- **REQUIRED ACTION**
Repeat the records below verbatim, and do not copy their pictures.

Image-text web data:

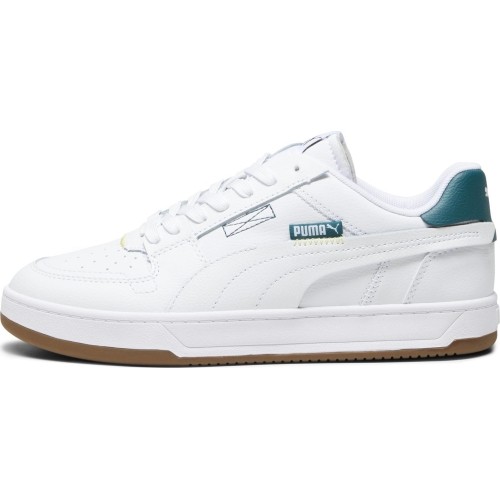 Buty męskie Puma Caven 2.0 Vt White 392332 01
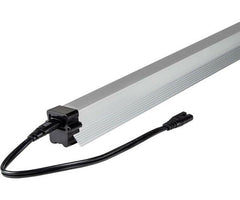 SunBlaster 24 Watt Prism Lens LED Strip Light - 6400K, 24 in. - SL0900662 SunBlaster 24 Watt Prism Lens LED Strip Light - 6400K, 24 in. - SL0900662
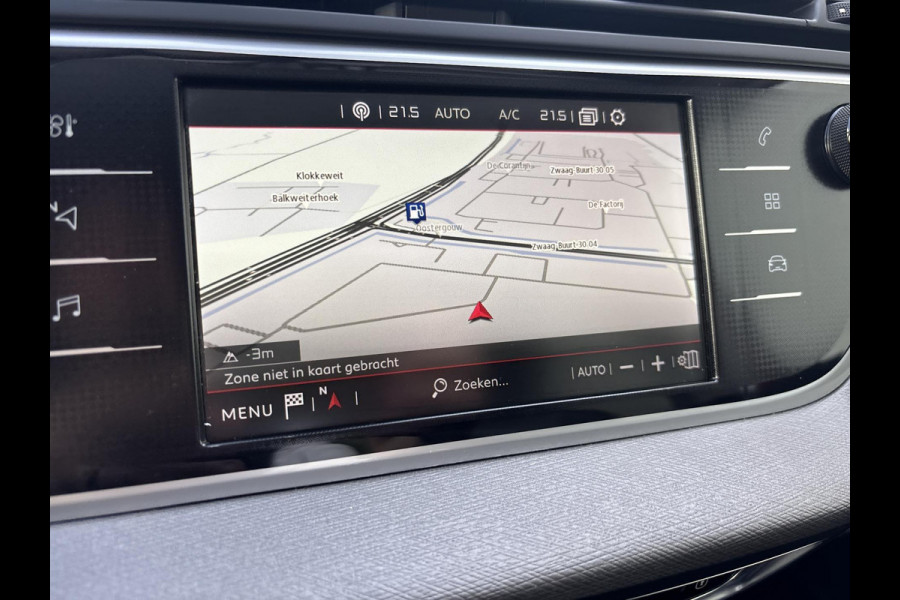 Citroën C4 Spacetourer 1.2 PureTech Shine | Trekhaak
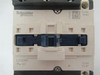 Schneider LC1D65G6; Contactor 65A 3 Pole Coil: 120V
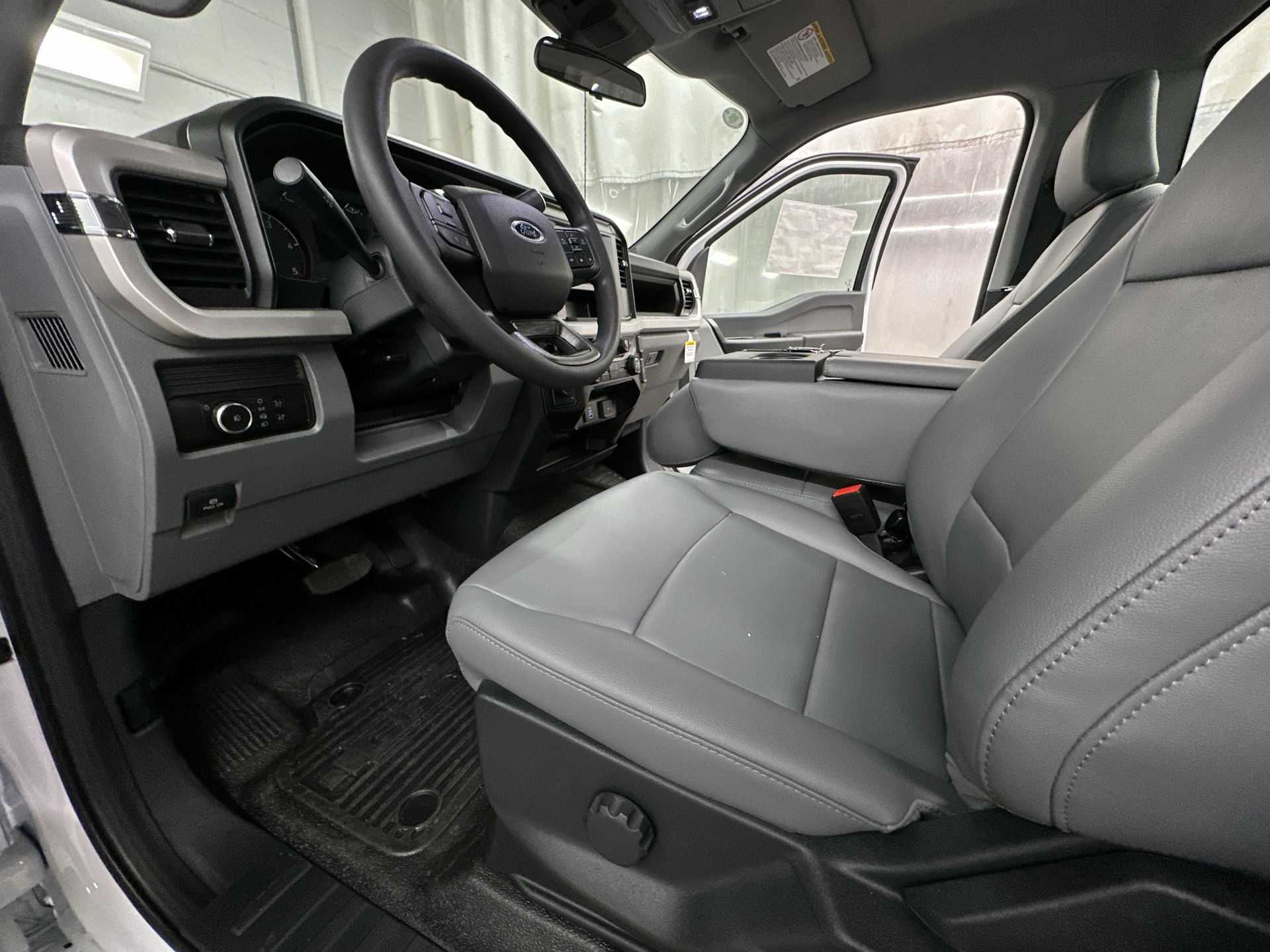 Thumbnail: 2026 Ford  - 13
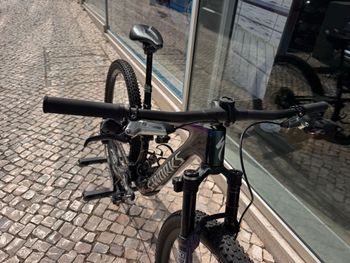 Used Specialized S-Works Epic 8 - SRAM XX AXS, RockShox Ultimate Flight Attendant 2024 2024 Mountainbike — image 5 of 14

- **EXPECTED OUTPUT**
 Buty męskie Puma Caven 2.0 Vt White 392332 01
 SunBlaster 24 Watt Prism Lens LED Strip Light - 6400K, 24 in. - SL0900662 SunBlaster 24 Watt Prism Lens LED Strip Light - 6400K, 24 in. - SL0900662
 Citroën C4 Spacetourer 1.2 PureTech Shine | Trekhaak
 Schneider LC1D65G6; Contactor 65A 3 Pole Coil: 120V
 Thumbnail: 2026 Ford  - 13
 Used Specialized S-Works Epic 8 - SRAM XX AXS, RockShox Ultimate Flight Attendant 2024 2024 Mountainbike — image 5 of 14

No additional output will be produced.